Bookmarked The KitchenAid PTO (by Peter Rukavina)

This makes me wonder about adversarial interoperability: are there any attachments by other brands? Given they’ve been around for about 100 years, is there an ecosystem of other things that can work with the KitchenAid?

What’s remarkable is that KitchenAid supports “cross-generational attachment compatibility” meaning that attachments from the 1930s can be used on modern mixers. In an era when phone charger standards change with the season, this is a commendable buttress against obsolescence.

Peter Rukavina

(This is the first response I’m making directly from my microsub client with embedded micropub client. Pleased that it is now working as POC.)

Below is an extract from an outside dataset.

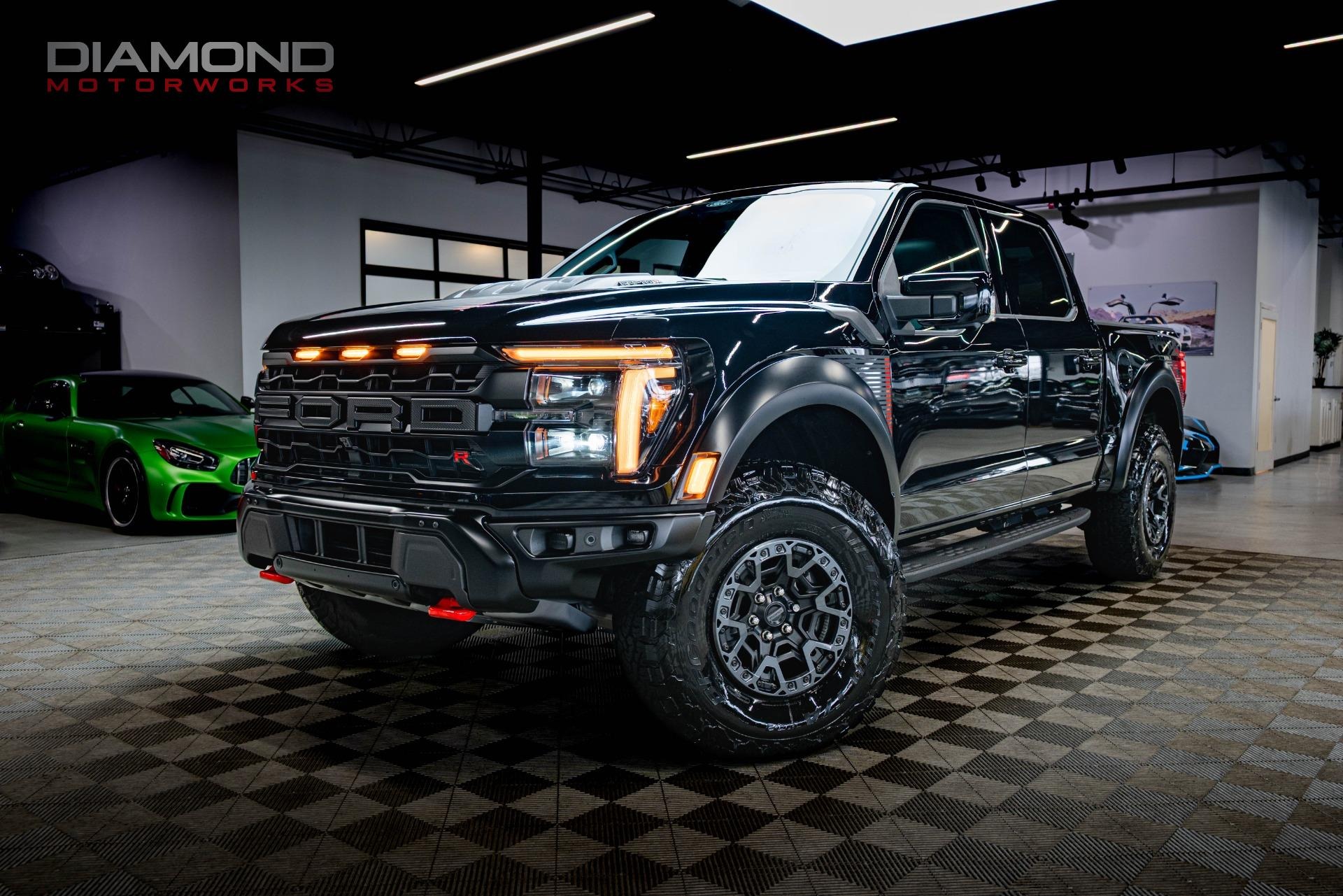 2025 Ford F-150 Raptor R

Read Podcast number 300: “Adversarial Interoperability: Reviving an Elegant Weapon From a More Civilized Age to Slay Today’s Monopolies” | Cory Doctorow's craphound.com by Cory Doctorow | Cory Doctorow's craphound.com
Adversarial interoperability is the consumer’s bargaining chip in these coercive “negotiations.” More than a quarter of Internet users have installed ad-blockers, making it the biggest consumer revolt in human history. These users are making counteroffers: the platforms say, “We want all of your data in exchange for this service,” and their users say, “How about none?” Now we have a negotiation!

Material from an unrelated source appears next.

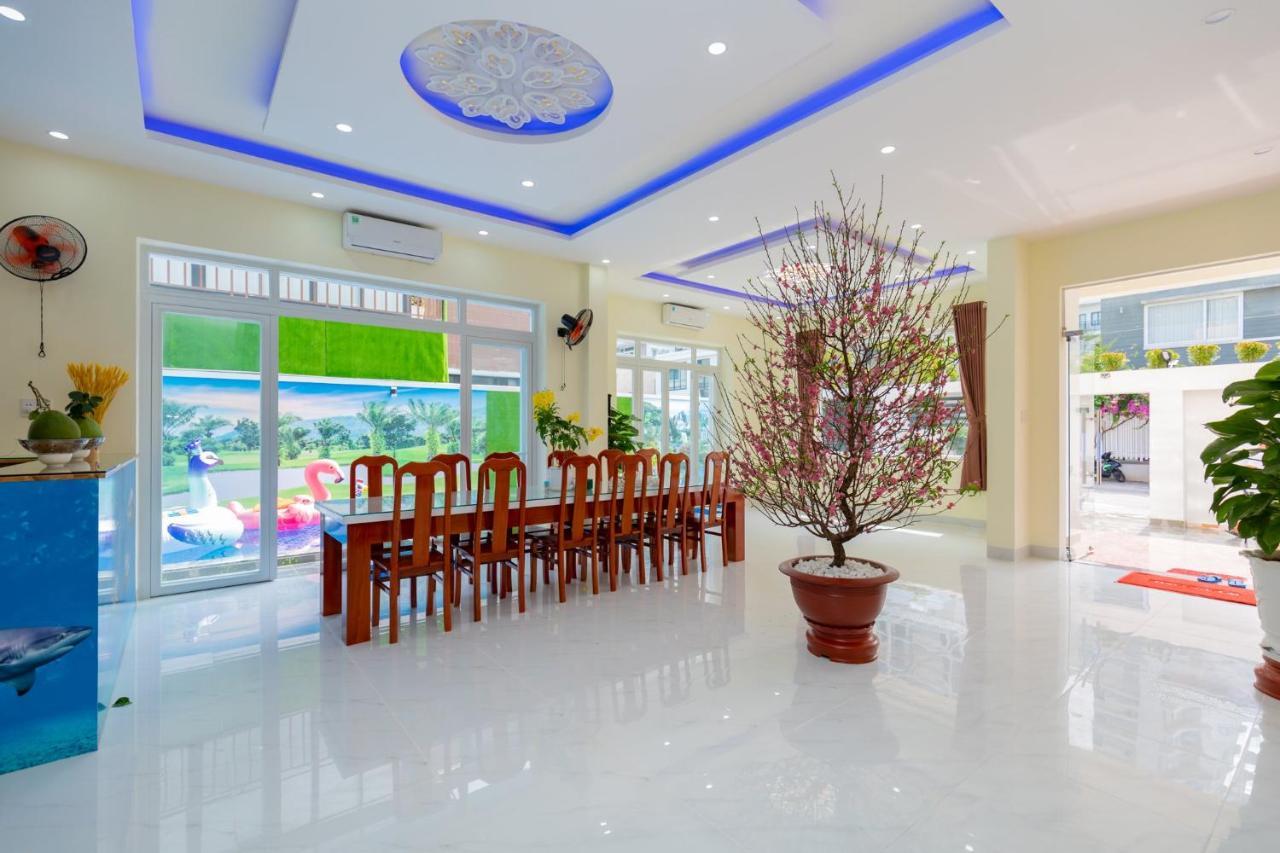 Hoang My Villa B2-9 Vung Tau Kültér fotó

Adversarial Interoperability, a useful concept to keep in mind. In part the IndieWeb is a form of this, as it offers a way of staying outside walled gardens, while still being able to pass messages back and forth through its gates (i.e. API’s), through POSSE / sometimes PESOS. Though some platforms, Facebook actually, made the ‘counter offer’ of switching off their API’s. Twitter similarly has been on a path of absorbing into itself all kinds of apps (e.g. Tweetdeck) that were independent parts of the ecosystem growing on Twitter’s API, and increasing the threshold for access to the API.

Interoperability is a core value to maintain. Use it.